For his Kennedy Center directing debut, Sellars has transformed the 19th-century play, which actor James O'Neill (father of playwright Eugene O'Neill) ``revised and immortalized'' from Alexandre Dumas's dramatization of his own 1,500-page novel. Dumas's dramatization took two nights and was so wildly melodramatic that it caused riots in Paris and London; O'Neill's dramatization reaped him a 30-year run in his hit role. Sellars's contemporary version audaciously mingles the drama with passages from the Bible, Lord Byron, Beethoven's ``Serioso'' string quartet, and Alfred Schnittke's string quartet No. 2. The script was restored and assembled by Davies King, in this second production of the American National Theater, whose director is Peter Sellars.

From the moment the curtain goes up, it's obvious that Sellars is one of the most innovative and daring directors in the theater today. He exposes the entire stage -- catwalks, ceiling, back wall, lights, ropes -- and leaves much of it mysteriously black, creating a great cavern in which the melodrama reverberates and eventually becomes tragedy. But as an enticement, he lures the audience in Act I with what seems to be a hiss-the-villain, laughing spoof as the plot first tumbles out.

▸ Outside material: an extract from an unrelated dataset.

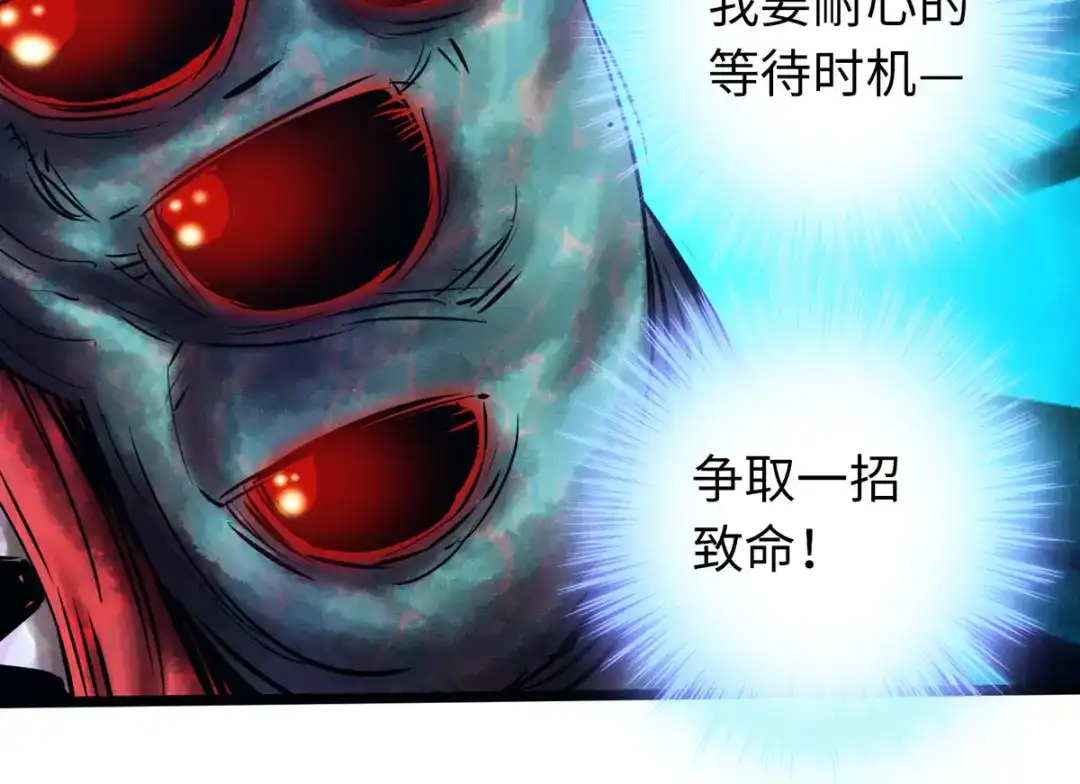 《通天之路》第五十四话 第38页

Edmund Dantes (Richard Thomas), an innocent Candide among sailors, is about to dock and marry his beloved Mercedes (Patti LuPone). But first, as a result of his promise to his dying captain, he must deliver a letter from the exiled Napoleon. That letter results in his unjust imprisonment in a dungeon for 18 years, changing the course of his life until he emerges finally (Act IV) as the Count of Monte Cristo to punish the wicked and right all wrongs.

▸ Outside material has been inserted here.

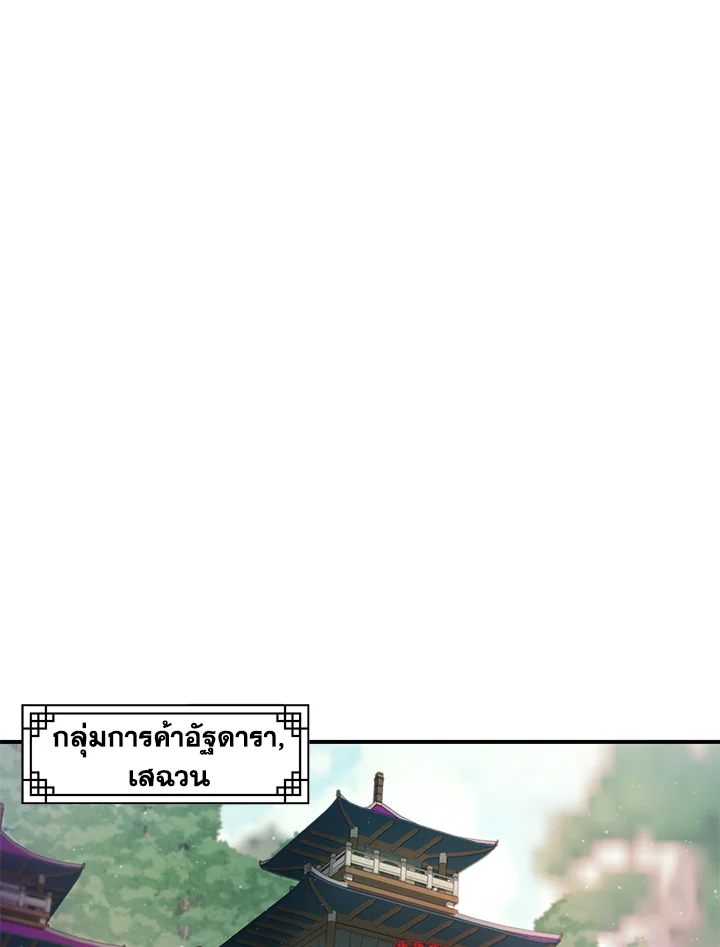 1668manga.com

It is a thriller, but a complex, knotted one that rips by at jet speed. Unfortunately at times it leaves the audience bewildered by the pace of the dialogue (too fast) and the plot spinning wildly on a murky stage. But it is never dull.

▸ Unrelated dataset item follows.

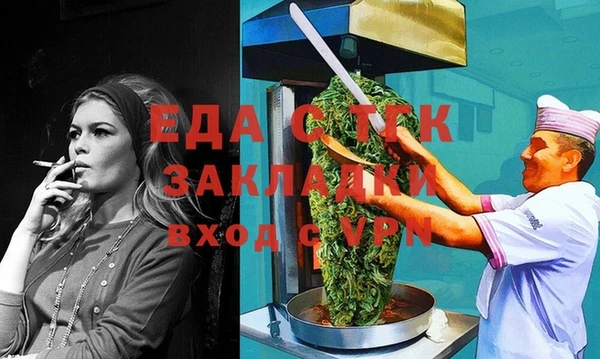 героин Новокубанск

A string quartet sits at back on stage right, playing the Beethoven ``Serioso'' quartet as though their lives depended on it; this music gives an electrifying pace and heart to the melodrama, like the live piano accompanying silent movies.

Sellars knows how to surprise, to rivet the attention: The villainous flunkies skitter on stage wearing chartreuse makeup and looking like refugees from a Toulouse Lautrec painting. George Tsypin's wonderful sets are massive, ominous: black staircases that reach to the ceiling, entrances and exits made from dark-mirrored, wheeling armoires that resemble giant, squashed cellos.

The play has an eerie, dreamlike quality, particularly in the most memorable scene, a vast Parisian drawing room filled with dark marble and black glass pedestals topped with Napoleonic eagles. The cast's faces are painted blue, yellow, green, red, to match their splendid costumes by Kurt Wilhelm. When the Count of Monte Cristo finally appears, he wears a scarlet toga over black tie and tails and a scarlet-painted face.

If I've left the actors till late in the review, it's because to some degree they are upstaged by the very drama of the production itself. Richard Thomas begins gracefully as an ebullient Edmund Dantes and does admirably with his prison scenes (although the use of Lord Byron's ``Darkness'' as a prison soliloquy jars). But his Count lacks a needed steely heroism. Patti LuPone is brilliant as Mercedes. Roscoe Lee Browne is silkily sinister as the ambiguous M. Noirtier, Zakes Mokae chilling but occasionally hard to understand as the king's prosecutor, and Joaquim de Almeida handsome but dastardly as Fernand, Dantes's rival.

In all, a banner cast, with some fine lines. The best are those chosen by Sellars from the King James Version of the Bible, like the passage from Ecclesiastes 3:15 which serves as the dramatic structure on which the production rests.